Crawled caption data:
-.-.-

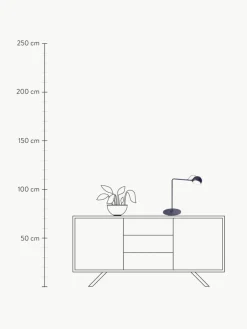 Artemide Dimmbare verstellbare LED-Schreibtischlampe Ixa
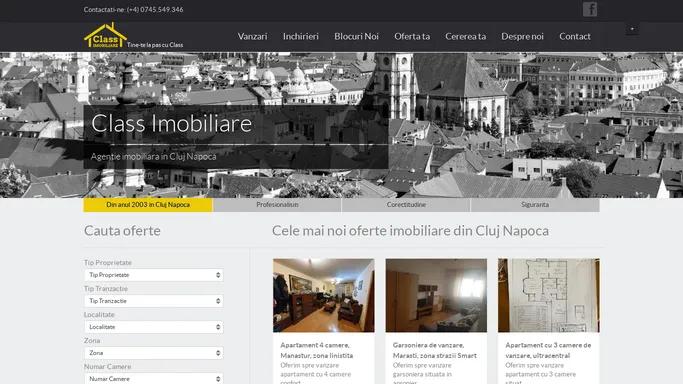 Class Imobiliare - agentie imobiliara Cluj Napoca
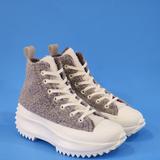 Converse Shoes | Converse Run Star Hike Hi Vapor Mauve Sherpa Platform Sneakers 172202c Nwt | Color: Gray/White | Size: Various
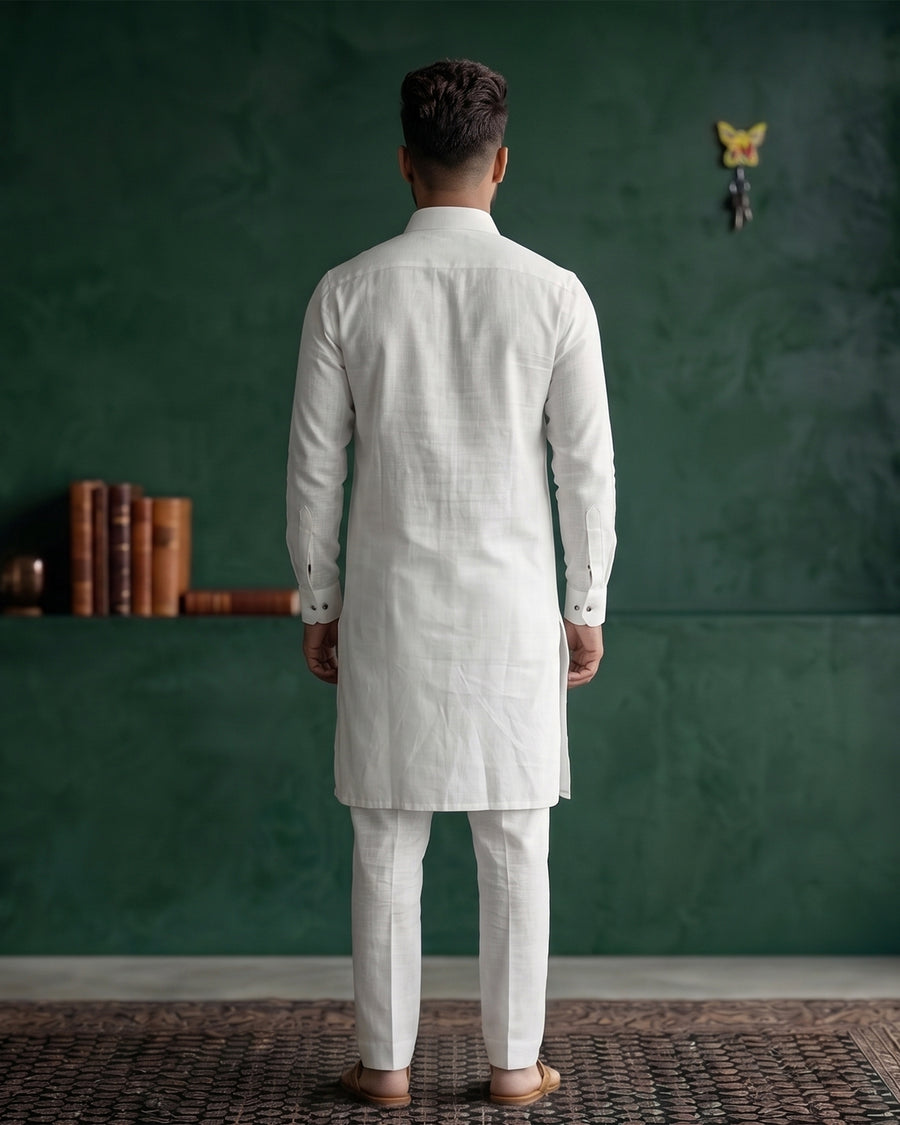 MLS LINEN PATHANI SUIT 2PCS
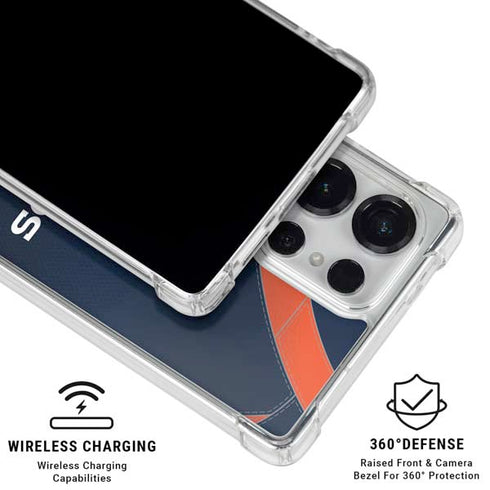 NFL Denver Broncos Team Jersey Galaxy S26 Ultra Clear Case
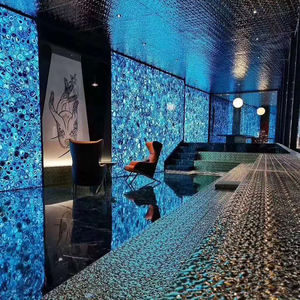 Hoja de mármol de ónix azul a buen precio, losa de ágata azul Natural para Barra de ónix, Fondo de pared superior, losa compuesta de ágata azul - Product Image 1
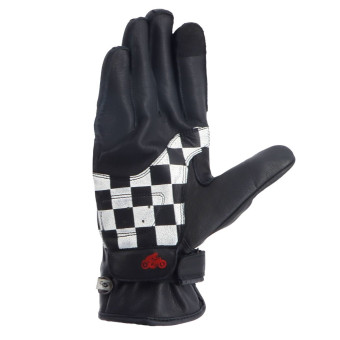 Helstons Motul Petrol Verano Cuero Negro Blanco Rojo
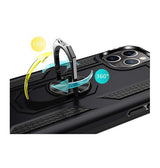 iPhone 11 Pro | iPhone 11 Pro - NX Pro™ Armor Cover m. Ring Holder - Sort - DELUXECOVERS.DK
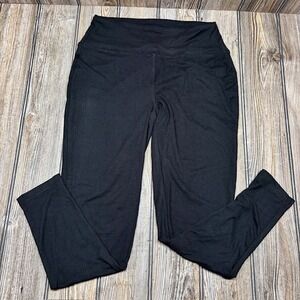 ZENANA Large/XLarge Black High Waist Leggings Style MP9089A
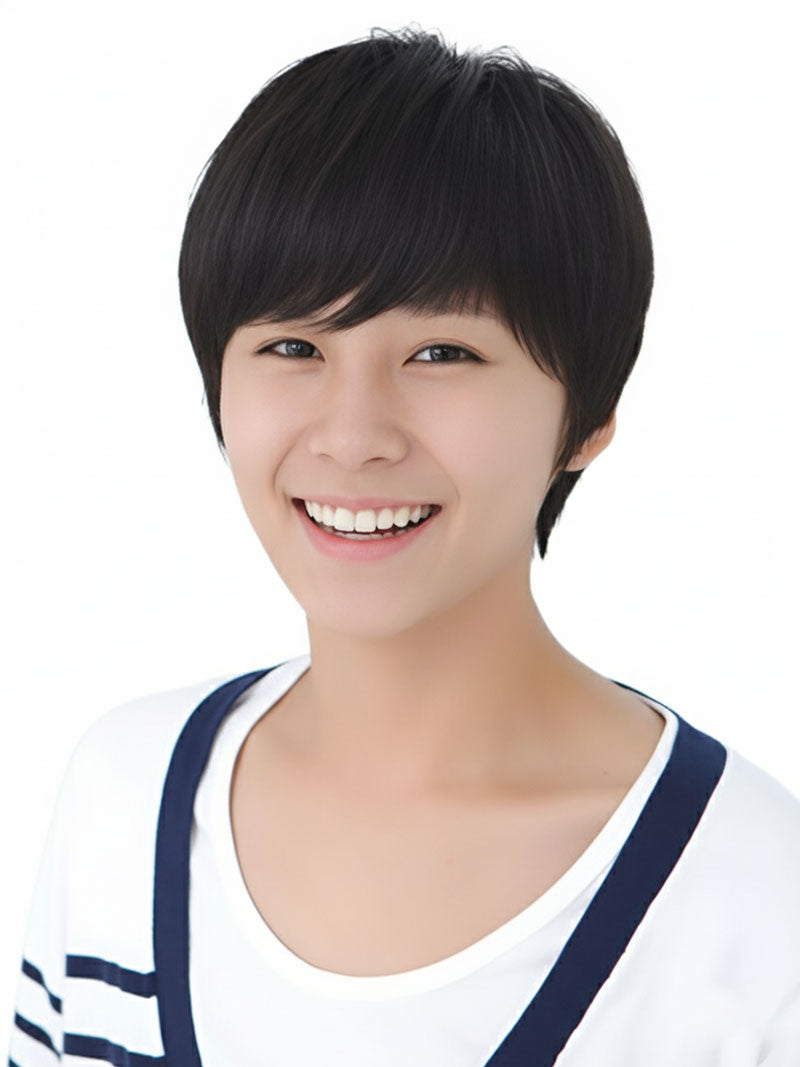 メンズウィッグ ナチュラル前髪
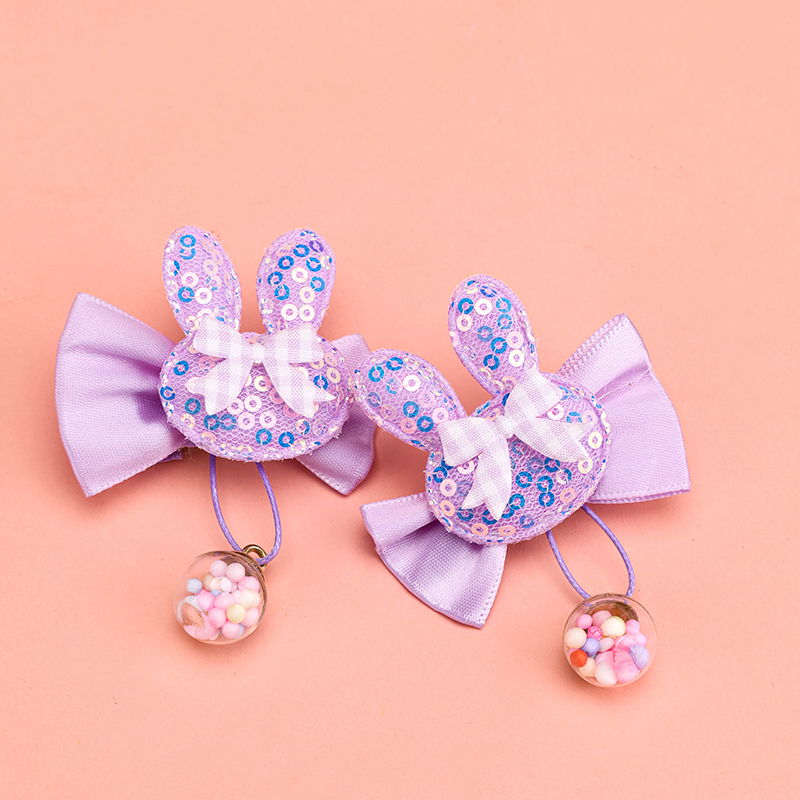 Bow Sequin Duckbill Hair Clip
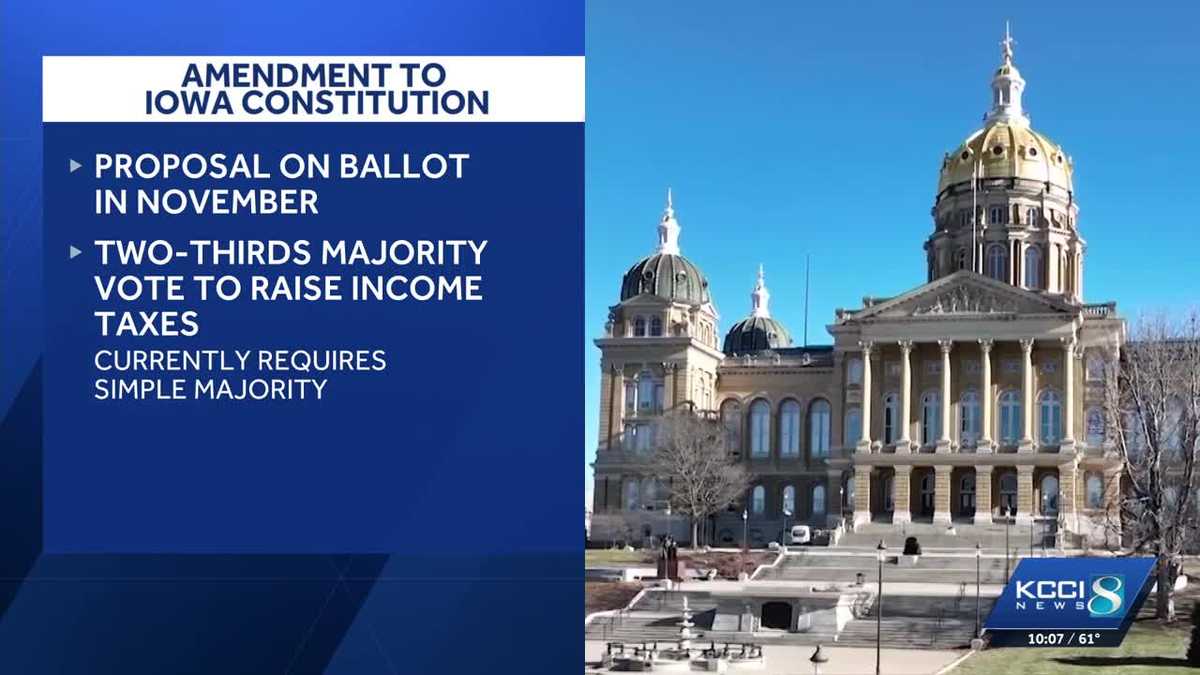 Iowa lawmakers advance constitutional amendment on income tax hikes to 2026 ballot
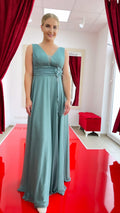 Abendkleid FK4118 – Tüll in Zimt – Ansicht 2 | Lamia Mode
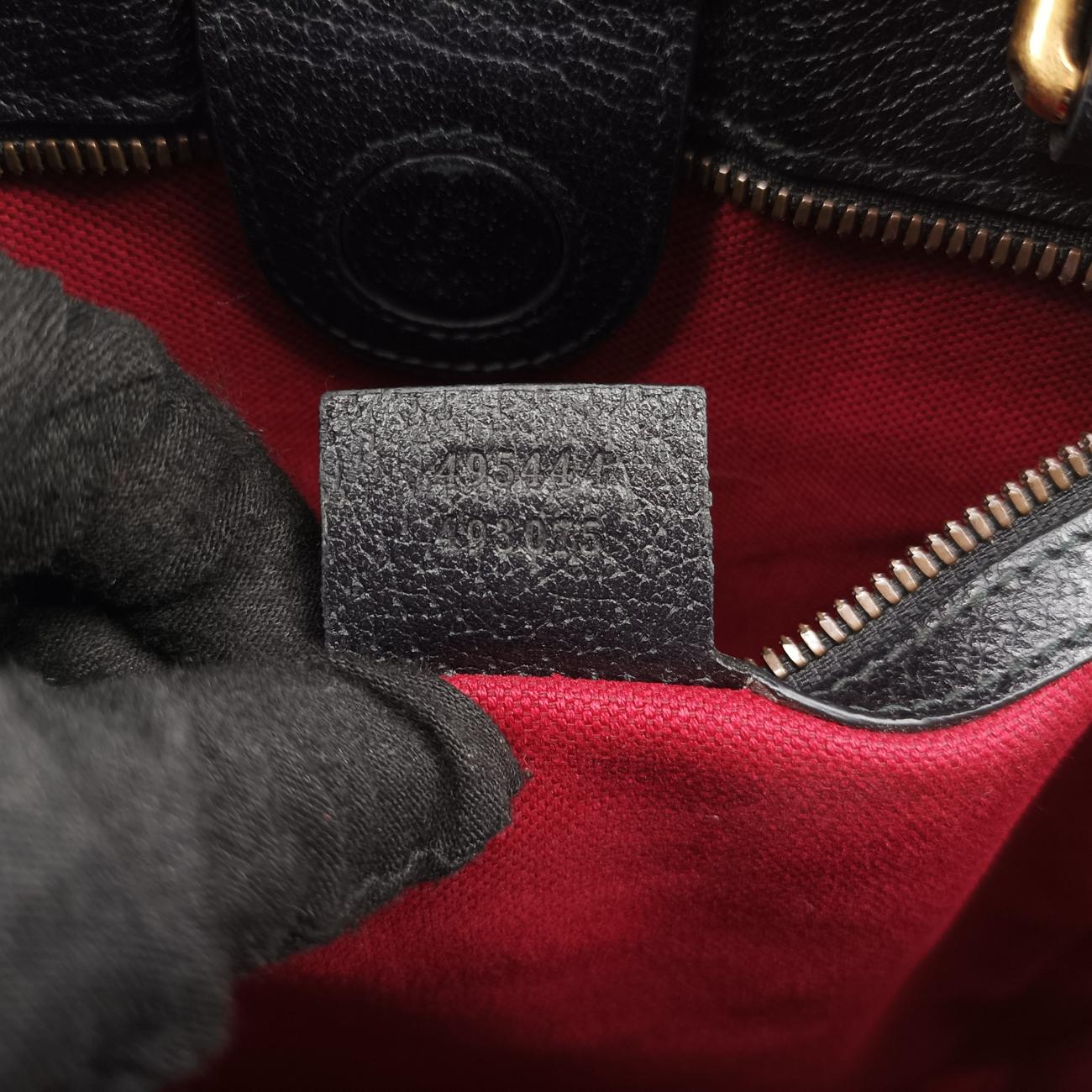 Pre-owned Gucci tote Black Leather 495444 handbag | stylenewstar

-.-.-

▶ YOUR TASK:
Without the pictures, return each entry exactly as given.

▶ FINAL ANSWER:
 Artemide Dimmbare verstellbare LED-Schreibtischlampe Ixa
 Class Imobiliare - agentie imobiliara Cluj Napoca
 Converse Shoes | Converse Run Star Hike Hi Vapor Mauve Sherpa Platform Sneakers 172202c Nwt | Color: Gray/White | Size: Various
 MLS LINEN PATHANI SUIT 2PCS
 NFL Denver Broncos Team Jersey Galaxy S26 Ultra Clear Case
 Hoja de mármol de ónix azul a buen precio, losa de ágata azul Natural para Barra de ónix, Fondo de pared superior, losa compuesta de ágata azul - Product Image 1
 Helstons Motul Petrol Verano Cuero Negro Blanco Rojo
 iPhone 11 Pro | iPhone 11 Pro - NX Pro™ Armor Cover m. Ring Holder - Sort - DELUXECOVERS.DK
 ZENANA Large/XLarge Black High Waist Leggings Style MP9089A
 メンズウィッグ ナチュラル前髪
 Bow Sequin Duckbill Hair Clip
 Iowa lawmakers advance constitutional amendment on income tax hikes to 2026 ballot
 Abendkleid FK4118 – Tüll in Zimt – Ansicht 2 | Lamia Mode
 Pre-owned Gucci tote Black Leather 495444 handbag | stylenewstar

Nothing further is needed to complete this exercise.